Riyadh boosted production on its own. Since then, the Arab Spring has deepened fault lines between some member governments and created new fissures.

Arab Gulf OPEC members—Saudi Arabia, Kuwait, Qatar and the U.A.E. have long been aligned politically, largely in opposition to neighbor and OPEC colleague Iran. That rivalry has intensified as proxy wars have raged in Iraq and Syria.

At the same time, the Gulf Arab alliance has frayed. Saudi Arabia, Qatar and the U.A.E., for instance, have all backed different factions in the various uprisings that have raged across the Middle East.

Mr. Naimi, who for years was the most influential voice at the group's meetings, has taken an unusually low profile at recent gatherings.

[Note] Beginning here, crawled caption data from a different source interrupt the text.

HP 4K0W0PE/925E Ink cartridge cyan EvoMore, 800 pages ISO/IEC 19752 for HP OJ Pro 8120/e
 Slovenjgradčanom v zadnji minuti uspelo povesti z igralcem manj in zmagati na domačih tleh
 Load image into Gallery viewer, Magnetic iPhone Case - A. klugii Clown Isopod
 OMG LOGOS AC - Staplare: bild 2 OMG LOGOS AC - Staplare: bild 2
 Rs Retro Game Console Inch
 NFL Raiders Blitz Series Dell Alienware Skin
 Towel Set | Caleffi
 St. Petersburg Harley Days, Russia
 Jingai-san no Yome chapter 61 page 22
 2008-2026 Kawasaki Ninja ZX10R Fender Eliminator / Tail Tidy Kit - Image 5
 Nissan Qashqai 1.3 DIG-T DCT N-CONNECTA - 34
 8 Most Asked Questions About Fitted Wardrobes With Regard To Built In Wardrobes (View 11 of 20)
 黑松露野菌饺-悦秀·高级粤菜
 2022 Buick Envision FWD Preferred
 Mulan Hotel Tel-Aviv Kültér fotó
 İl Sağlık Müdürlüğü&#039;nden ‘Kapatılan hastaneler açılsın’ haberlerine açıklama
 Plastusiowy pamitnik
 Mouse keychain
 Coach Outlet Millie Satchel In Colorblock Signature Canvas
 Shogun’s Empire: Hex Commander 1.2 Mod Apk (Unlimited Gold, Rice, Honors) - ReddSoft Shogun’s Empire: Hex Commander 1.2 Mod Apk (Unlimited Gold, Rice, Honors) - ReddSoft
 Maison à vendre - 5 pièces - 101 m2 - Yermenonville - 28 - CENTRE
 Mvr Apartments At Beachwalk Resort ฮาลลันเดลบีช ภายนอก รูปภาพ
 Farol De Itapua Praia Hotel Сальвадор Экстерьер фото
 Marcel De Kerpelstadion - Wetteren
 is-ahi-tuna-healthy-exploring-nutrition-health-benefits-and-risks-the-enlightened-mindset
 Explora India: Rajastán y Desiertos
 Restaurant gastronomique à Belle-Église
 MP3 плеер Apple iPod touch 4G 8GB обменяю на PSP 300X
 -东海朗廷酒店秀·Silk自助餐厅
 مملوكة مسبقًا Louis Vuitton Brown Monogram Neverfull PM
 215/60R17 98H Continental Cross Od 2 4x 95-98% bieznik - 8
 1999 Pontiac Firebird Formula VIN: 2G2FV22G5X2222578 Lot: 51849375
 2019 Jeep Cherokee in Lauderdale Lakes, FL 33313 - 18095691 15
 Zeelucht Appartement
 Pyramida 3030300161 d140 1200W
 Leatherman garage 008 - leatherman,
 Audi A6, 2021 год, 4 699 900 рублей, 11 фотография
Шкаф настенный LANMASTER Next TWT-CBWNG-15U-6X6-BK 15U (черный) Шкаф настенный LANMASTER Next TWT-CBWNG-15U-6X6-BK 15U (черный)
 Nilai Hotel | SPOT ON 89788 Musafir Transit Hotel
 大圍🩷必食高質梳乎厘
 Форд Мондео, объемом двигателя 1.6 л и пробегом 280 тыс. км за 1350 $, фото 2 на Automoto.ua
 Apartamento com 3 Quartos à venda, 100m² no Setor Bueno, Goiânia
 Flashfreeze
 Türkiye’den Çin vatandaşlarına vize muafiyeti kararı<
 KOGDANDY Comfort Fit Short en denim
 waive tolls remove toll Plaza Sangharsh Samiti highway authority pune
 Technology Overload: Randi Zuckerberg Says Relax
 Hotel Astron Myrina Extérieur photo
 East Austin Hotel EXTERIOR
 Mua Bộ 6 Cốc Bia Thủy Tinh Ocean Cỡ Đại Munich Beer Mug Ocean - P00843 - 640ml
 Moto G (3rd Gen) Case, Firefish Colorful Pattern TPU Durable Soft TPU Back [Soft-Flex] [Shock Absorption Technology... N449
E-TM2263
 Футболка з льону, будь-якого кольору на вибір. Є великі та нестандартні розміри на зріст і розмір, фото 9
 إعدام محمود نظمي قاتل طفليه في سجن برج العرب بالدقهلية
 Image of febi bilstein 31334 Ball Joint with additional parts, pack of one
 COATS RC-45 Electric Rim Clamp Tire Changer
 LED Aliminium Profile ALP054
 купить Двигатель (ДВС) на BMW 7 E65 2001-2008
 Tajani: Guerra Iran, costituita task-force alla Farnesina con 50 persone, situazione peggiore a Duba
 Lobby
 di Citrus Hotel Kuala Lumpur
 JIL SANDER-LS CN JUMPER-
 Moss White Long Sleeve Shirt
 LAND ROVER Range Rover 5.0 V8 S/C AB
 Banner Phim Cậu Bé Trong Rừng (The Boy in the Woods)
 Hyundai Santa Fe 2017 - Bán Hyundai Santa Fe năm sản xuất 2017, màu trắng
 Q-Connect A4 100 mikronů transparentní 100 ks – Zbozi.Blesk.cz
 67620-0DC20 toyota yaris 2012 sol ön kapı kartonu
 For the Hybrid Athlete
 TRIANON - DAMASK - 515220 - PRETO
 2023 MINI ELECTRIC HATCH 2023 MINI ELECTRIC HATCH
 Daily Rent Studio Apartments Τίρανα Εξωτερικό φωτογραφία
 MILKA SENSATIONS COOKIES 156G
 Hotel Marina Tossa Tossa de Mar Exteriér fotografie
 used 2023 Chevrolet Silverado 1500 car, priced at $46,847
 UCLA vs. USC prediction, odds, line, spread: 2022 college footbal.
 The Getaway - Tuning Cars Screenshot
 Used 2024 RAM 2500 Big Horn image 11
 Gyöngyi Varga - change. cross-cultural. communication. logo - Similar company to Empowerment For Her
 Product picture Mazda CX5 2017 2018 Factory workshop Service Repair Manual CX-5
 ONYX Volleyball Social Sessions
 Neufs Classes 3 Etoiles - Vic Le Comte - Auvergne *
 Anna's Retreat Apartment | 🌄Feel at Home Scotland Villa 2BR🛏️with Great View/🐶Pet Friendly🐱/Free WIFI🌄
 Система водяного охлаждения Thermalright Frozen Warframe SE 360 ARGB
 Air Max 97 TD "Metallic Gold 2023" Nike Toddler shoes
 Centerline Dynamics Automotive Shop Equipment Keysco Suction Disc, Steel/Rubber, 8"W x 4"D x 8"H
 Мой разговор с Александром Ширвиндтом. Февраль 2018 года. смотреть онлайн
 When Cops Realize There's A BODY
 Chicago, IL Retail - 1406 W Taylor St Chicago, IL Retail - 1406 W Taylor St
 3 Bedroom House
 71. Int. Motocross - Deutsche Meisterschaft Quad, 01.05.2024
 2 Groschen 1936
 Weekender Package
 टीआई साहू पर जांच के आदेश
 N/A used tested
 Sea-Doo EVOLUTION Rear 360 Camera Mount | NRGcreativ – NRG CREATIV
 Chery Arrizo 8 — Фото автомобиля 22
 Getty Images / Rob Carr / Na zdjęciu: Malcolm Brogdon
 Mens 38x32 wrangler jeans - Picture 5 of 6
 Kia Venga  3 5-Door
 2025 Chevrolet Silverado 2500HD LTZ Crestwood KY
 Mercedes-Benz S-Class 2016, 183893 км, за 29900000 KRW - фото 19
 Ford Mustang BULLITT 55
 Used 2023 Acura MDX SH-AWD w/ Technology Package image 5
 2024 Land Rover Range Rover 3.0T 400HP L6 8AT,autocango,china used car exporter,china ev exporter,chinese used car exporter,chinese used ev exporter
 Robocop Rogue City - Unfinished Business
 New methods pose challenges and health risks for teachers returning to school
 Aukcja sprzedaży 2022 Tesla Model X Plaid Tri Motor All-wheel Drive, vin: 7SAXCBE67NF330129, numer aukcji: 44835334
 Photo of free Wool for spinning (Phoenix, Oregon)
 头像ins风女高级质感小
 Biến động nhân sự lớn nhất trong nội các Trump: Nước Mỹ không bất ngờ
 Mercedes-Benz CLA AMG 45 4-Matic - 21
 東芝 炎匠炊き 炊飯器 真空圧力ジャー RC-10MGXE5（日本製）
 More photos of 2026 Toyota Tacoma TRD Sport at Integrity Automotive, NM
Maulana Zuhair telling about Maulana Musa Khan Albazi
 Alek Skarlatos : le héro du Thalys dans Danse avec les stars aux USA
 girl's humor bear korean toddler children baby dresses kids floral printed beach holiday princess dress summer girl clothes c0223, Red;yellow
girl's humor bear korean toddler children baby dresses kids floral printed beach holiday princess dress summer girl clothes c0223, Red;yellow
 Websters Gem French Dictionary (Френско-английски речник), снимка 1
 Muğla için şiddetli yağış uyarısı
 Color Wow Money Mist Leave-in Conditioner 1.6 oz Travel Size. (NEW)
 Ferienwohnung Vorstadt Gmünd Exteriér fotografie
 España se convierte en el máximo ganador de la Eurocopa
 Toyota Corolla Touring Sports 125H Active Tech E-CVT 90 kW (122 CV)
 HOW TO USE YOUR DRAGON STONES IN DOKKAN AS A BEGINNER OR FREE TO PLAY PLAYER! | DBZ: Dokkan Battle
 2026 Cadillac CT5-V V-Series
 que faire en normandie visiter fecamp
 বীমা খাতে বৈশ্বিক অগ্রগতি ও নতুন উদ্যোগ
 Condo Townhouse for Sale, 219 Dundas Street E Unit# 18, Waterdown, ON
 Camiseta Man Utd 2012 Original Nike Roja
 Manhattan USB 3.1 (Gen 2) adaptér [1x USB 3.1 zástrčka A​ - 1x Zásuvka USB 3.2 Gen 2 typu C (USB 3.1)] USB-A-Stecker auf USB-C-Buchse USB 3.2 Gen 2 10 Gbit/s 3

Traditionally, OPEC delegations would fly into Vienna ahead of the group's semiannual meetings, set up camp at the city's best hotels, then mingle with counterparts and oil executives over dinners or private meetings.

Mr. Naimi used to arrive early to build consensus with other members, while signaling Saudi thinking to reporters. He would often invite journalists to jog around Vienna with him and appeared to revel in the meetings' give-and-take.

At OPEC's latest meeting this summer, Mr. Naimi turned up at the last minute, jetting in for just a few hours midway through a family vacation in the German-Austrian Alps, according to OPEC officials. He surprised other delegates at the one session he attended by calling for OPEC to reduce its gatherings to just one a year, these officials said.

Members would instead be able to "consult remotely," Mr. Naimi said, according to a delegate familiar with the minutes of the meeting. Mr. Naimi's underlying message, this delegate said, was "we don't need a meeting. People come and make nice when at the end of the day, Saudi Arabia carries the burden of balancing the oil market."

"He feels there is no point in talking," this delegate said, "as everyone does as they please."